It's highly aggressive, and yet, based on the data that we show here, which is from a series of patients who are treated on a compassionate use basis, we have a dramatic effect on children who are otherwise expected to have about a 15% chance of a two-year life expectancy after diagnosis. We've got some exciting preclinical data shown here in non-small cell lung cancer, and that was the basis for starting our phase two trial in non-small cell lung cancer, which is a huge commercial opportunity. Beyond Luvelta, though, we have STRO-004, which is a tissue factor ADC and a whole new generation of ADCs that I really want to spend a few moments on with you. So when you think about how can we improve ADCs as medicines, the question is, can you widen the gap between the minimal effective dose and the maximum tolerated dose?

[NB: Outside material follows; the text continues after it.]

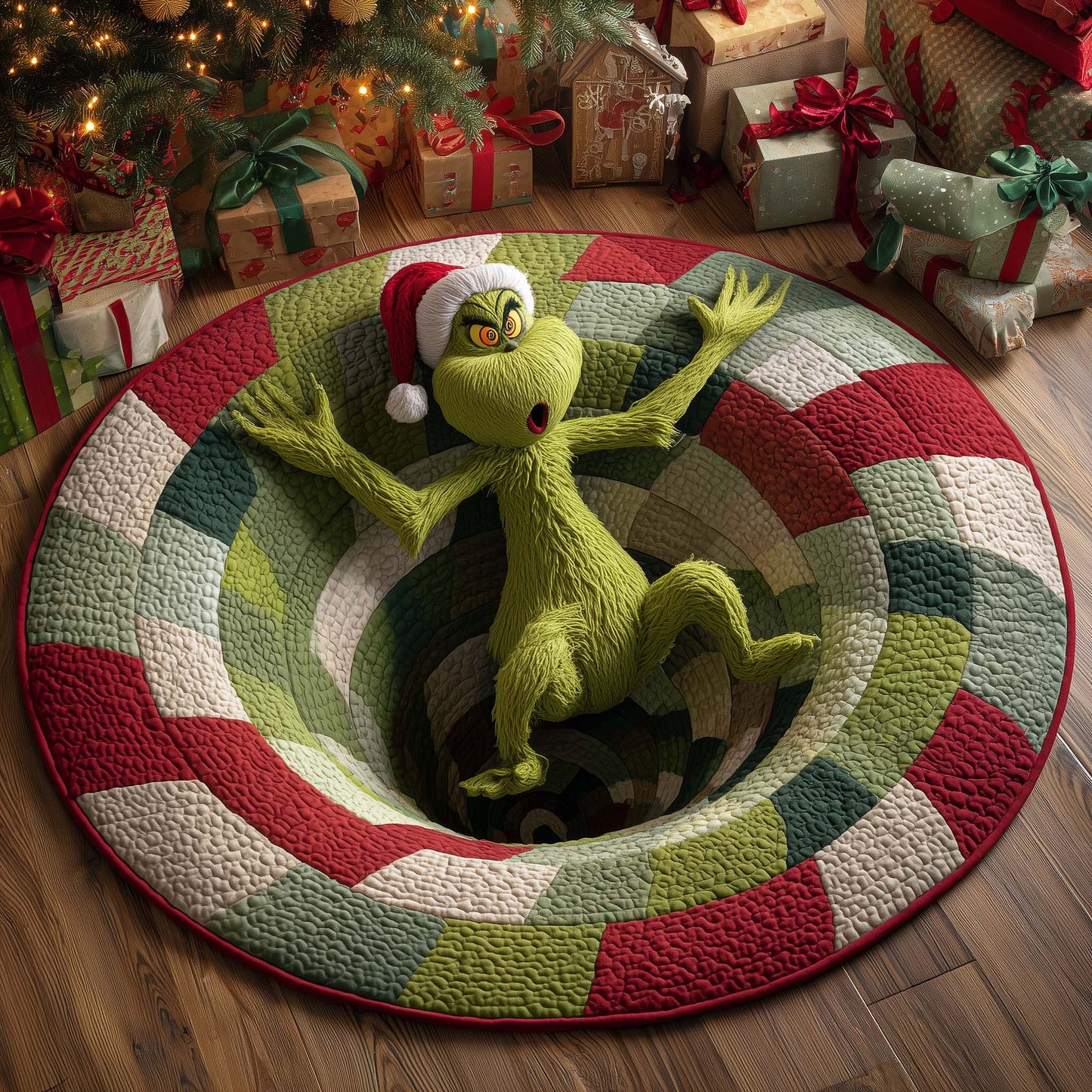 Christmas Friend in Trouble Quilted Round Mat GFTOHD11655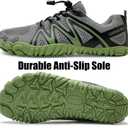 WateLves Barefoot Water Shoes Women Men Breathable Wide Width Toe Box Beach Walking Shoes Comfortable Slip On Minimalist Sneakers for Travel Hiking (10 Women/8.5 Men, A-grey/Green)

Because if you can do that, then you have the opportunity to dose the patient in a way that is going to have more control for their tumor. And the question is, how do you achieve that? And our answer is, we want to pay attention to the properties of the molecule when it's outside the tumor because only 1% of any ADC that is dosed actually makes it to the tumor. So you want to make it as tolerable outside the tumor to the extent it doesn't penetrate the tumor, and you can do that with linker and payload design using click chemistry, so you've got a robust bond, using site-specific conjugation so you can choose the best sites and the best ADC, and then highly skilled antibody engineering to make certain that you're getting as much internalization opportunity as possible.

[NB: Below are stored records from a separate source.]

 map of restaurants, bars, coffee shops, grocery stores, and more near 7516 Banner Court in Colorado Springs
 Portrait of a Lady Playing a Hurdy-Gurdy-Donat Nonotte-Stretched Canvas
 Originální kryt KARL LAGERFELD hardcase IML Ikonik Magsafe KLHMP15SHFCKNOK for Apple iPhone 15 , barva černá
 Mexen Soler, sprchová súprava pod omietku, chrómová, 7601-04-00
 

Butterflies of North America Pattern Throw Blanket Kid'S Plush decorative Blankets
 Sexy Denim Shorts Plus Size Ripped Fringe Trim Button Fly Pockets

Inside the tumor, you want to think about increased potency, and that means higher DAR. Even beyond DAR8, we're working on DAR12 and DAR16 molecules. You want to think about overcoming resistance with dual payload ADCs, and then if you can combine immune activation with a cytotoxic payload, as we do with our iADCs, now you've got yet another vehicle to control the cancer. A lot of people say that they have platform technologies that allow them to think about next-generation ADCs, but I challenge you, and this slide really is an example of that, to come up with another company that does all the things that we do in this slide. Yes, a lot of companies make DAR8 ADCs with exatecans. We do too. Can they go beyond DAR8? There are only eight cysteines. We can go beyond DAR8 because we don't rely on cysteines.

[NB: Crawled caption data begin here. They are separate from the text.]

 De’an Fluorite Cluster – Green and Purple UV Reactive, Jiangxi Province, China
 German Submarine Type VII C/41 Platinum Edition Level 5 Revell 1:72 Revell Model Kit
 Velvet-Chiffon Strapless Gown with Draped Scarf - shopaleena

We rely on a proprietary non-natural amino acid as a point of linkage for our linker warhead. Do they have the best linkers out there? Linker technology has evolved, and the next-generation linker, the one that we have been working on, and there are a few other companies that have recently adopted it, is a beta-glucuronidase linker. It is less susceptible to cleavage in the bone marrow, and we think it's rock solid when you have a click chemistry application to bond it. Can you get to a dual payload? Some companies can. We can. Can you add an immune-stimulating agent in a site-specific manner? We can. A few other companies can, but not in an ADC. Mostly, it's in the ISAC space. Are you site-specific? That's important, and more importantly, you have to know the right site. Are you not activating Fc-gamma because that's a mechanism for toxicity?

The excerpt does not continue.